Hypersplenism is a syndrome characterized by splenomegaly associated with cytopenias (reduction in one or more peripheral blood cell lines - anemia, leukopenia, and/or thrombocytopenia) due to increased sequestration and destruction of blood cells by an enlarged spleen, along with compensatory bone marrow hyperplasia. It can be primary (idiopathic) or, more commonly, secondary to causes of splenomegaly such as portal hypertension, haematological disorders (lymphoma, myeloproliferative disorders), storage diseases (Gaucher's), infections (malaria, kala-azar), and collagen vascular diseases. Treatment is directed at the underlying cause; splenectomy is indicated in refractory cases with severe cytopenias (requires vaccinations against encapsulated organisms - pneumococcus, meningococcus, Hib - before splenectomy).

(f) Split Thickness Skin Grafting (STSG)

A split thickness skin graft consists of the epidermis plus a variable portion of the dermis (0.008-0.012 inches), harvested using a dermatome or Humby's knife from a donor site (commonly the thigh), and transplanted to a recipient wound bed to provide skin cover. The graft survives initially by plasmatic imbibition (passive diffusion of nutrients from the wound bed), then by inosculation (direct link between donor and recipient capillaries), and finally by revascularization (ingrowth of new vessels).
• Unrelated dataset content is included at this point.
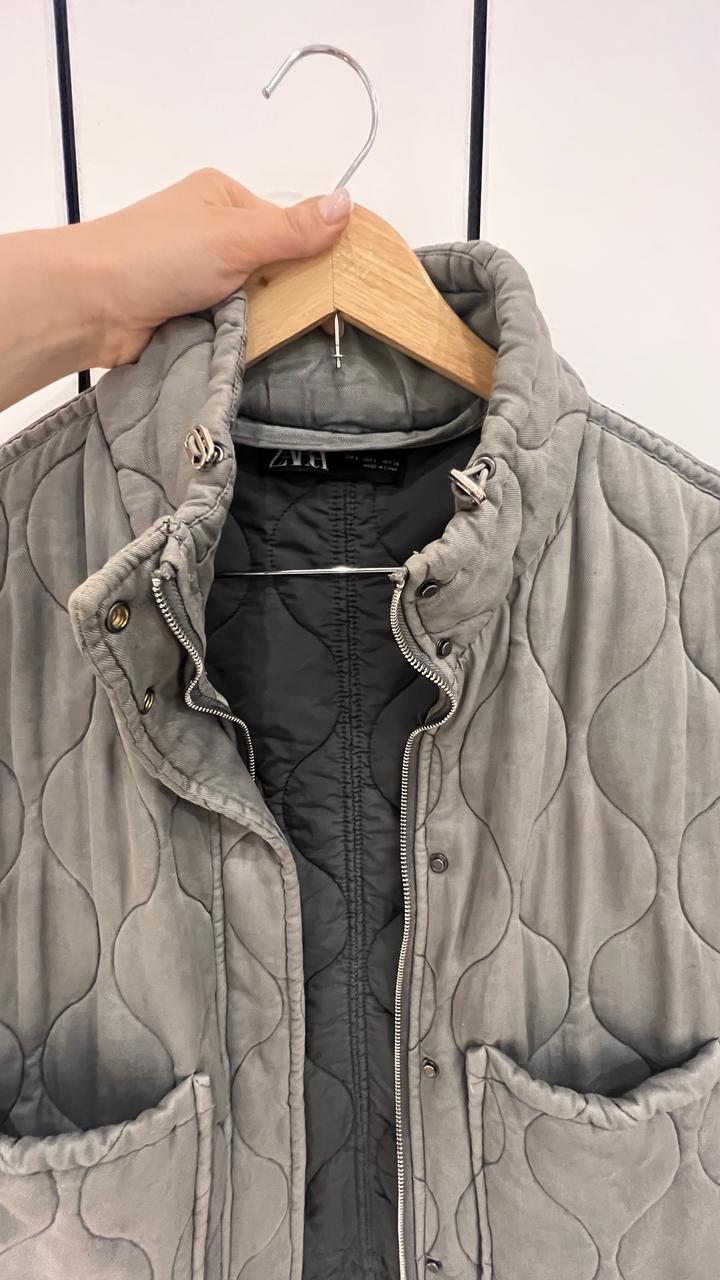 Zara стеганый оверсайз жилет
STSGs are used for large wounds, skin loss after burns, post-excision raw areas, and granulating wounds where full thickness grafts are unavailable; the donor site re-epithelializes from residual dermal appendages, but the graft itself does not grow hair, lacks sensation initially, and is more prone to contracture compared to full thickness grafts (FTSG) - hence FTSG is preferred in cosmetically and functionally important areas like the face and hands.

Note for the student: Section 1 carries 50 marks (Q1=10, Q2=12, Q3=18, Q4=10). Section 2 carries 50 marks (Q5=10, Q6=12, Q7=18, Q8=10). All answers above are calibrated to the marks indicated. For 6-mark short notes, aim for ~1 page; for 2-mark answers, stick to 3-4 lines maximum in the actual exam.